Input for this task >>
--------

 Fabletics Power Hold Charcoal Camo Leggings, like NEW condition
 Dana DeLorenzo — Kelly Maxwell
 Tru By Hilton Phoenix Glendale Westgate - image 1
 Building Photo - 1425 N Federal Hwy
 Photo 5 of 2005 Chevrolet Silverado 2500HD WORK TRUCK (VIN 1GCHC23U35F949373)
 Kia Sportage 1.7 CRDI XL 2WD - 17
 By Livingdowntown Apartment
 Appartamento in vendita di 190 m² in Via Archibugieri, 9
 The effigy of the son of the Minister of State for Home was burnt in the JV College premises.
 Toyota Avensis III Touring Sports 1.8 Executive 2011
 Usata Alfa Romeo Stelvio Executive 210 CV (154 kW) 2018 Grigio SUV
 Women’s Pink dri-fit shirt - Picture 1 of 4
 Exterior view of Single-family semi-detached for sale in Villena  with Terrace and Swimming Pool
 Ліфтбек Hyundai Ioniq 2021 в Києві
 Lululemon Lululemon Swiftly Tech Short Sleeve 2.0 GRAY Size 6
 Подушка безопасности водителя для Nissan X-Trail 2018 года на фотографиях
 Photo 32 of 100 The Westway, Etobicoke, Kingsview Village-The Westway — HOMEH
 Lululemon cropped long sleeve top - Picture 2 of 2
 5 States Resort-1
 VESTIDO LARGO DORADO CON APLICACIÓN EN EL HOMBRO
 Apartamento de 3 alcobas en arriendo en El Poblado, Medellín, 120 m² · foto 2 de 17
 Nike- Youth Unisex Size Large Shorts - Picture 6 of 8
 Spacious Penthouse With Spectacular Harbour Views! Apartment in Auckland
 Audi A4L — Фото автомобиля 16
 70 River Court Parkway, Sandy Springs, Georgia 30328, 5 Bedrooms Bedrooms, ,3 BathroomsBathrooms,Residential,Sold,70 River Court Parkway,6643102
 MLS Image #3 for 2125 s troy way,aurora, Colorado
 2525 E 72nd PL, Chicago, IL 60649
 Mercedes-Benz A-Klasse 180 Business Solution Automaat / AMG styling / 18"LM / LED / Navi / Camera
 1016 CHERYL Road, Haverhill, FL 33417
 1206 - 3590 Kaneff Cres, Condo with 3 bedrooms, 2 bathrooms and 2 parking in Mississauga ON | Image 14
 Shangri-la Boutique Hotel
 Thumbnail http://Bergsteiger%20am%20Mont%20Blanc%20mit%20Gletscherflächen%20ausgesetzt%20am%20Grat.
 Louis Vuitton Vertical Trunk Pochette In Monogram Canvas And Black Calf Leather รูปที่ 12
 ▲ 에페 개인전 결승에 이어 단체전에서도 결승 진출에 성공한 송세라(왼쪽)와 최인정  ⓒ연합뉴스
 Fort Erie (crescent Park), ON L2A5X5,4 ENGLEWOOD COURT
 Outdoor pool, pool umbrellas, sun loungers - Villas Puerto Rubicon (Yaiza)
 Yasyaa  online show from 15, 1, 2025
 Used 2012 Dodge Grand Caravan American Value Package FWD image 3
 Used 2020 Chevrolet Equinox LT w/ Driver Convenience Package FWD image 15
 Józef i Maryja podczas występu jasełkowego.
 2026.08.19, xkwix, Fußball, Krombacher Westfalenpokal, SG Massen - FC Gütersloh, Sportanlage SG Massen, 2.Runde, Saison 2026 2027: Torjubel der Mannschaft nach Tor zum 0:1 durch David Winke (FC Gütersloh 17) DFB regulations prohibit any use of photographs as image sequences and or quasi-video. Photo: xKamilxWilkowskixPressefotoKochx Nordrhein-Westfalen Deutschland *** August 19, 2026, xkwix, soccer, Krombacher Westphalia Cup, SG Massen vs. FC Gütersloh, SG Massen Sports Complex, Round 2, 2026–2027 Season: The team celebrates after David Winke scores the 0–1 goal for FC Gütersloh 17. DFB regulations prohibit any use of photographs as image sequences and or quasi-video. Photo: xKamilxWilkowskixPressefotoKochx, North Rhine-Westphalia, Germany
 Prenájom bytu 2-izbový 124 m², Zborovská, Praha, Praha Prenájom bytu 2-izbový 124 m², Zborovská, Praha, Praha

--------

Your goal >> Please, from the material above, copy only the lines from the line with "MLS Image #3" up to and including the line with "Used 2012 Dodge", exactly as written.

Result >>
 MLS Image #3 for 2125 s troy way,aurora, Colorado
 2525 E 72nd PL, Chicago, IL 60649
 Mercedes-Benz A-Klasse 180 Business Solution Automaat / AMG styling / 18"LM / LED / Navi / Camera
 1016 CHERYL Road, Haverhill, FL 33417
 1206 - 3590 Kaneff Cres, Condo with 3 bedrooms, 2 bathrooms and 2 parking in Mississauga ON | Image 14
 Shangri-la Boutique Hotel
 Thumbnail http://Bergsteiger%20am%20Mont%20Blanc%20mit%20Gletscherflächen%20ausgesetzt%20am%20Grat.
 Louis Vuitton Vertical Trunk Pochette In Monogram Canvas And Black Calf Leather รูปที่ 12
 ▲ 에페 개인전 결승에 이어 단체전에서도 결승 진출에 성공한 송세라(왼쪽)와 최인정  ⓒ연합뉴스
 Fort Erie (crescent Park), ON L2A5X5,4 ENGLEWOOD COURT
 Outdoor pool, pool umbrellas, sun loungers - Villas Puerto Rubicon (Yaiza)
 Yasyaa  online show from 15, 1, 2025
 Used 2012 Dodge Grand Caravan American Value Package FWD image 3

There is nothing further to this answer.